Der Iran hat eine Aids-Statistik vorgelegt – mit unerwartet detaillierter Offenheit.
18.320 Menschen sind der offiziellen Statistik zufolge im Iran HIV-positiv. Die reale Zahl dürfte weitaus höher sein, räumte ein Vertreter des Gesundheitsministeriums ein. UNAIDS schätzt die zahl der HIV-Infiziertem im Iran auf ca. 86.000.
69% der HIV-Positiven seien Drogengebraucher. Die verbleibenden 30% seien auf „illegale sexuelle Kontakte“ zurückzuführen.
Homosexualität ist im Iran (ebenso wie Prostitution und außerehelicher Sex) gesetzlich verboten (Höchststrafe Todesstrafe), Schwulenverfolgung im Iran alltäglich. Immer wieder kommt es zu Prozessen, Verurteilungen, Hinrichtungen Homosexueller im Iran. Asyl im Ausland scheint für viele homosexuelle Iraner der einzig gangbare Weg.
Angesichts der Tatsache, dass die Mehrheit der iranischen Bevölkerung sehr jung sie, befürchte er eine dritte Welle der HIV-Epidemie, äußerte Gesundheitsminister Lankarani. Mehr als die Hälfte der ca. 70 Millionen Iranerinnen und Iraner sind jünger als 25 Jahre.
Iran, so überraschend es scheinen mag, ist andererseits unter Experten bekannt für eine bemerkenswert pragmatische Aids-Politik.
Der scheidende UNAIDS-Direktor Peter Piot hat Iran schon vor einiger Zeit als ‚Musterland‘ bezeichnet. Piot sagte bereits 2006:
„Im Iran gibt es eine wachsende Zahl junger Menschen, die Drogen injizieren. Das Rauschgift stammt aus dem Nachbarland Afghanistan und ist beliebt, weil es billig zu haben ist. Die Gefängnisse im Iran sind voll mit jungen Drogenkonsumenten. Die Regierung im Iran geht allerdings pragmatisch mit dem Problem um: In allen Provinzen werden Methadon-Programme angeboten, auch in den Gefängnissen. Spritzen und Nadeln werden ausgetauscht. Und überall stehen Kondome unentgeltlich zur Verfügung. Ich wünschte, alle Länder der Region wären dazu bereit.“
.
Ich bin sprachlos, selbst wenn ich durch Interviews mit Peter Piot von der iranischen Entwicklung wusste.
Dass jedoch dieses streng shiistische Land heute offen von „illegalem sex“ spricht , und somit indirekt eingesteht, dass es mehrer „Spielarten der Freude“ gibt, ist ein wirklicher Fortschritt. Wie schön: irgendwo und irgendwann flackert dann doch mal ein zartes Licht.

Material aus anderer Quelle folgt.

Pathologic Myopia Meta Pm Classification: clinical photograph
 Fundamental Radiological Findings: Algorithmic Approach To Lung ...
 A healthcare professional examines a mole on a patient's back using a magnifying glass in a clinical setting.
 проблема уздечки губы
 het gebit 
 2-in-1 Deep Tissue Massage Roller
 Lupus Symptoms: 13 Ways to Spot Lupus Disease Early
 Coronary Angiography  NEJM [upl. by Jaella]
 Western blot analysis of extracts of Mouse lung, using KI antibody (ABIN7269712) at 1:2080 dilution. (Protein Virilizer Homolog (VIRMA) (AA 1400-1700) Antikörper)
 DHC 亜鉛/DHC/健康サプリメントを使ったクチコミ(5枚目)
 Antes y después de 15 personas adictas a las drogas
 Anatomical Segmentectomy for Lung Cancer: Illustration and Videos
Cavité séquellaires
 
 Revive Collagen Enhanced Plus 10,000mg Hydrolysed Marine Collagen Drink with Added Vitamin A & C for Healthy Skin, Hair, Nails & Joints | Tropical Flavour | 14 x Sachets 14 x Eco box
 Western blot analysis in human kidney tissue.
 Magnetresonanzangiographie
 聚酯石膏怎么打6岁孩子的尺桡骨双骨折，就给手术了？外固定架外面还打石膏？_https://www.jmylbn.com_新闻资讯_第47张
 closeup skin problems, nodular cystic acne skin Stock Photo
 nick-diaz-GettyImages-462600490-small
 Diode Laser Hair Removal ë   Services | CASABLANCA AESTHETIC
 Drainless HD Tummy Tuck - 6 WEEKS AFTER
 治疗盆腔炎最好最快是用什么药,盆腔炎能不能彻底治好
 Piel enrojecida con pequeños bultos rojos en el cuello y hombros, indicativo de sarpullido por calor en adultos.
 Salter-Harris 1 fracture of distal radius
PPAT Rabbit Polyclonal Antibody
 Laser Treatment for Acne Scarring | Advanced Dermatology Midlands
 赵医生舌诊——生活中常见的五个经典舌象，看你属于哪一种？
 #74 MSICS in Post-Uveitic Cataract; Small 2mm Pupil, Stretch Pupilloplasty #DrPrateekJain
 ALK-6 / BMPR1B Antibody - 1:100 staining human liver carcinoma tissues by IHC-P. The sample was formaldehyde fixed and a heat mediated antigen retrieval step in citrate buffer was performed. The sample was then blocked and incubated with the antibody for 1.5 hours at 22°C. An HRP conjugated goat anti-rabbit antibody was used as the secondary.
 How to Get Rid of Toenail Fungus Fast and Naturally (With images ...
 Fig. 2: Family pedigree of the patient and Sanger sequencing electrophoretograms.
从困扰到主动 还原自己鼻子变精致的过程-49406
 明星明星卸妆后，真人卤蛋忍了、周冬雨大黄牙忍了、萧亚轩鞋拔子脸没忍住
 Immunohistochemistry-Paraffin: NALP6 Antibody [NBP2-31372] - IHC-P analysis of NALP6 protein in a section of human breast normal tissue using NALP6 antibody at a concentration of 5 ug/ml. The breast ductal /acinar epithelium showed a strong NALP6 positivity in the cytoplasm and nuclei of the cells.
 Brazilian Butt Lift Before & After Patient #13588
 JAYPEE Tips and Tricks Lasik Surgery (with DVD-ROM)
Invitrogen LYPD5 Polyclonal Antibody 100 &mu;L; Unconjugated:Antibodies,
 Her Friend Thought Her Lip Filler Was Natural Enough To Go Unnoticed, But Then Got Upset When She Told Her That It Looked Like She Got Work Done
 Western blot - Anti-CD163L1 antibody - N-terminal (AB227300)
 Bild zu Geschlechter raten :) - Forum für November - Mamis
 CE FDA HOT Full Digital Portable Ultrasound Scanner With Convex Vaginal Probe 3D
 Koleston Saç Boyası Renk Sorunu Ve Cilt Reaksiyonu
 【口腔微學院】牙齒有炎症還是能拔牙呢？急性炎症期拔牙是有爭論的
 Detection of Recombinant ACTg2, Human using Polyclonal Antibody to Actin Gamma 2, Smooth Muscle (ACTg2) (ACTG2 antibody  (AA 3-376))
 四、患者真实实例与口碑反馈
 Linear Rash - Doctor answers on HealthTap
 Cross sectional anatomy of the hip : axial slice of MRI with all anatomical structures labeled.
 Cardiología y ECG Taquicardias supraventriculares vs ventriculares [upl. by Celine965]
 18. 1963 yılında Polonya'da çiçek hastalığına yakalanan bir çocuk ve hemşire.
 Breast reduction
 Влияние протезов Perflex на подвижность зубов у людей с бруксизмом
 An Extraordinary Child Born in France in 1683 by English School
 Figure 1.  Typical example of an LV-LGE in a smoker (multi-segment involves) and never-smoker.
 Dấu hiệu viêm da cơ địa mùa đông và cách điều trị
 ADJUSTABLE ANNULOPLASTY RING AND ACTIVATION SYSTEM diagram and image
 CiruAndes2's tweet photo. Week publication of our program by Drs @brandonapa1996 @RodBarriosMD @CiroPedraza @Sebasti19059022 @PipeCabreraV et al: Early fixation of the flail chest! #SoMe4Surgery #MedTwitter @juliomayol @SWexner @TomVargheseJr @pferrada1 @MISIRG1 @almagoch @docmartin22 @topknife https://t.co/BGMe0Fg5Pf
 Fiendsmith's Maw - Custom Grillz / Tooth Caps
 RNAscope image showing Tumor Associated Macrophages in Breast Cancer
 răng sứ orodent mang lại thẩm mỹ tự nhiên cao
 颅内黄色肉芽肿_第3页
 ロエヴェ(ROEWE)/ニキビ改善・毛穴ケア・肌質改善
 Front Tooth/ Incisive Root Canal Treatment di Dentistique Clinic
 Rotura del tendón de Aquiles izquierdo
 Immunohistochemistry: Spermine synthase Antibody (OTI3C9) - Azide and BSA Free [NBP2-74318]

Wie sagt unser geliebter Hafez:
„Ne remets pas à demain, mon coeur, la joie d’aujourd’hui;
Qui serait garant, demain, de la valeur de la vie?“
(Pardon, dies ist schon eine Übersetzung aus dem Persichen. Ich wage nicht, es daraus noch ins Deutsche zu übersetzen. Ist Ulli damit einverstanden dass es dem deutschen Sprichwort: Verschiebe nicht auf morgen, was du heute tun kannst“ nahekommt? In etwa.)
@ Ulysse:
ja, ich stimme dir zu – wenn mann aufmerksam die debatten und entwicklungen verfolgt, ist es bemerkenswert, entwicklungen festzustellen (zb das anerkennen von anderem als dem „zugelassenem“ sex). ein ‚zartes licht‘, du formulierst es sehr treffend.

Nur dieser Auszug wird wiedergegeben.